• What you should do: The data below should be transcribed in full, with no picture included.

• Given material:
*-*-*

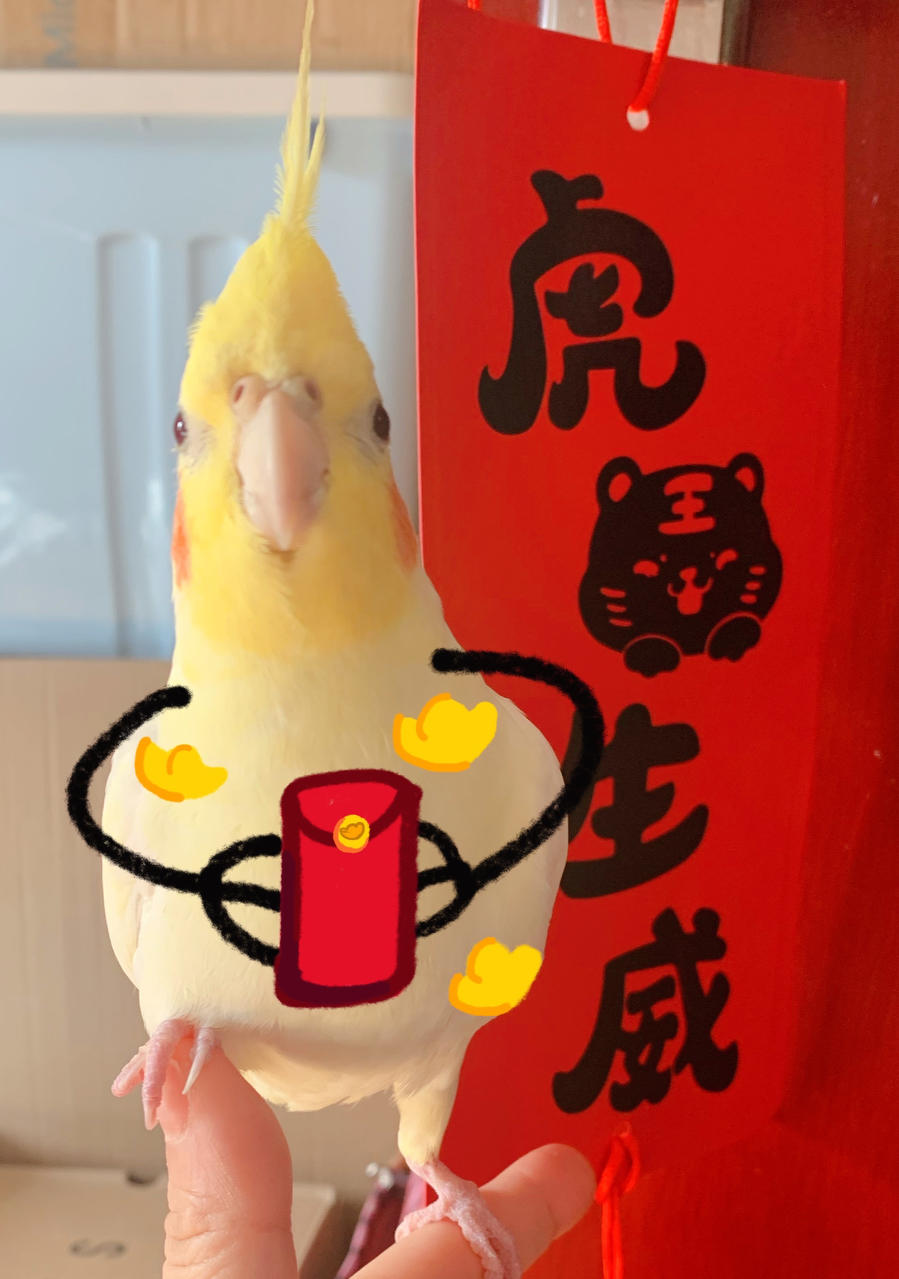 一只小小丸子子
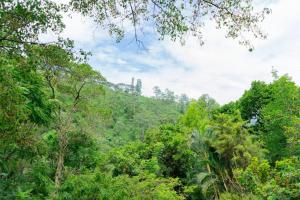 a view of the forest from the jungle at Ella Flower Zone Holiday Resort in Bandarawela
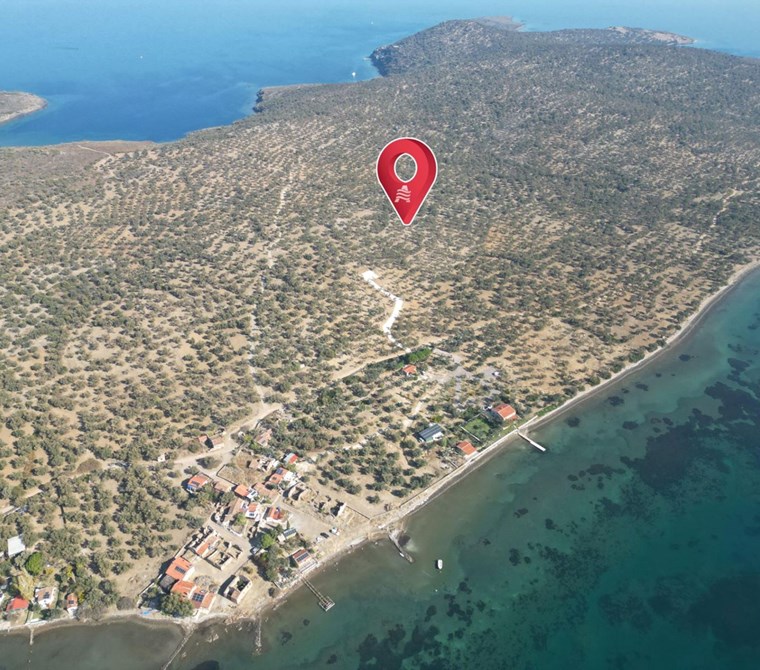 ALTIN EMLAKTAN AYVALIK CUNDA ADASINDA SATILIK 6850 M2 ZEYTİNLİK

*-*-*

• Response:
 一只小小丸子子
 a view of the forest from the jungle at Ella Flower Zone Holiday Resort in Bandarawela
 ALTIN EMLAKTAN AYVALIK CUNDA ADASINDA SATILIK 6850 M2 ZEYTİNLİK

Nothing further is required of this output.